This made me think back to when I was first experimenting with stills photography, and getting a feel for the boundaries set by the longest shutter speed I could hand-hold, the widest aperture I had available and the highest ISO setting I found acceptable. Once I was familiar with these, one of the first purchases I made was a faster lens (that’s right: a 50mm F1.8) to get more light to extend these capabilities.
With video and the further restriction over the fastest shutter speed I’m willing to use, it’s a decent ND filter I need to buy, to reduce the light level to fit your boundaries.
A neutral density (ND) filter allows you to use use wide apertures and the relatively slow shutter speeds that a lot of videographers favor. An adjustable ND filter provides even more flexibility. |
A return to JPEGs
Added to these exposure limitations has been another throw-back to my first days as a photographer: having to revert to an 8-bit, compressed shooting format. Having spent some time learning the distinctions between video file formats, the main lesson has been that none of the ones I'm likely to encounter are anything like Raw.

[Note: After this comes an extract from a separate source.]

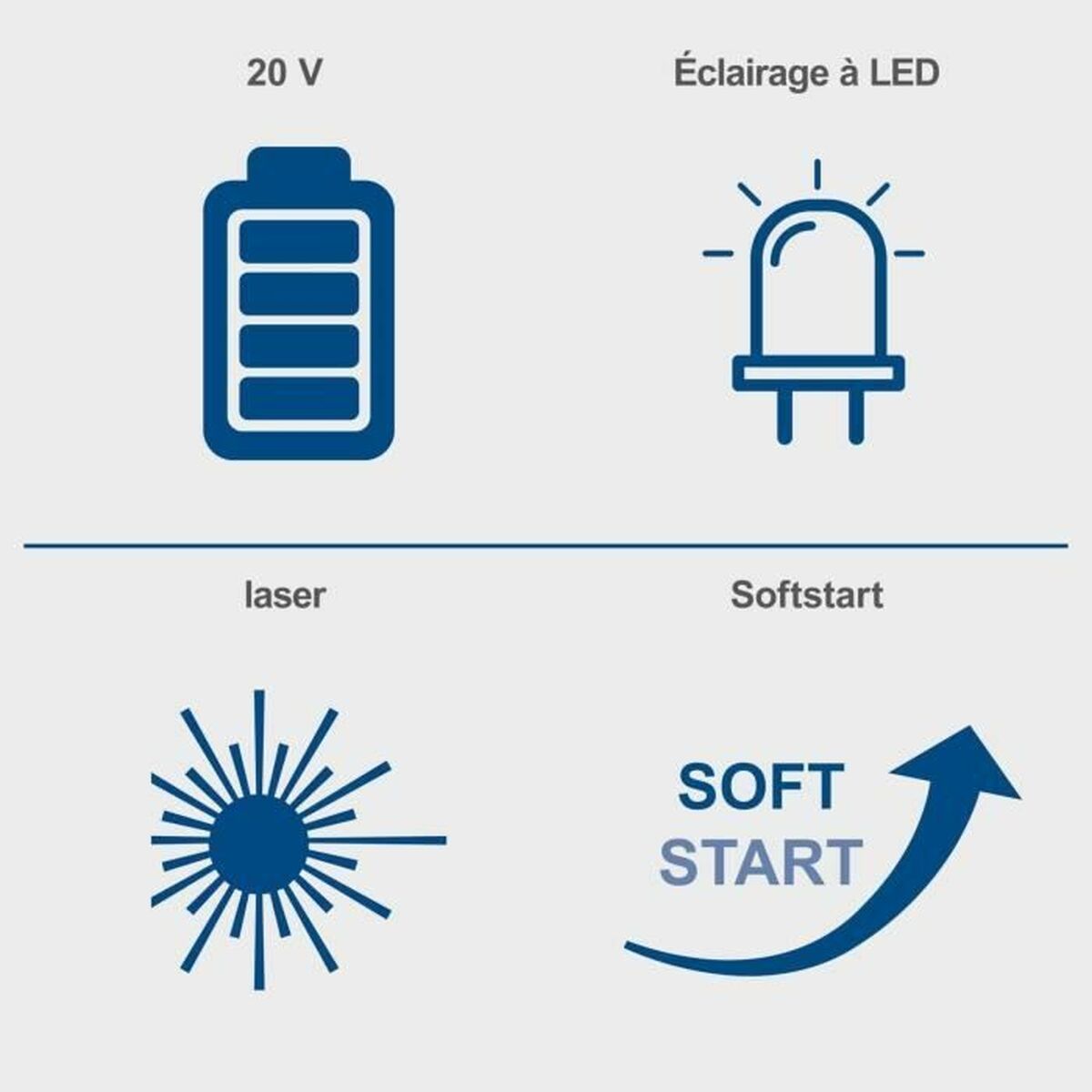 V5HC25AD6A349F06E57653F210BFF4617ABR4561030P5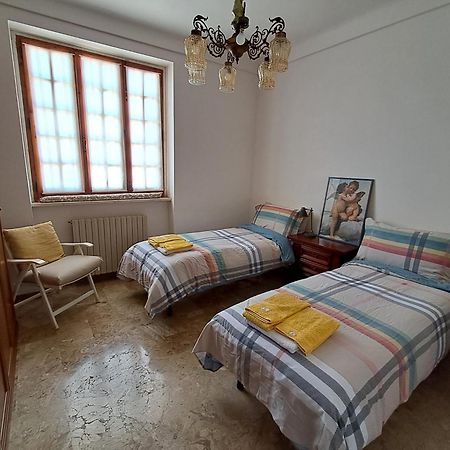 Вилла Trullo Pentimelle E Casa Pentimelle Мартина-Франка Экстерьер фото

Once you've been spoiled by the seemingly endless dynamic range that can fit in a 14-bit Raw file and the ability to set and adjust the white balance at the ending stage, it's a shock to go back to having to get exposure and white balance perfect when you shoot.
Flat tone curves and Log profiles provide a means of squeezing a bit more useable DR into those 8-bit files, but this can make it even harder to judge correct exposure. I'd highly recommend shooting some test footage and trying to grade it back into something useful, before committing yourself to the flattest tone curve you can find.
Now focus
With modern cameras it's easy to take autofocus for granted, even as someone who started shooting with a manual focus camera. Focus in video presents two challenges to the idea of pressing the shutter and expecting all to be well.
The first problem is one of time: the fast focus you need for stills would look starling if it occurred in the middle of a video clip. The other challenge is that most autofocus in video is terrible: contrast detection is inherently based on hunting and there are currently few decisive phase-detection systems that have a sensible way to specify or change focus position.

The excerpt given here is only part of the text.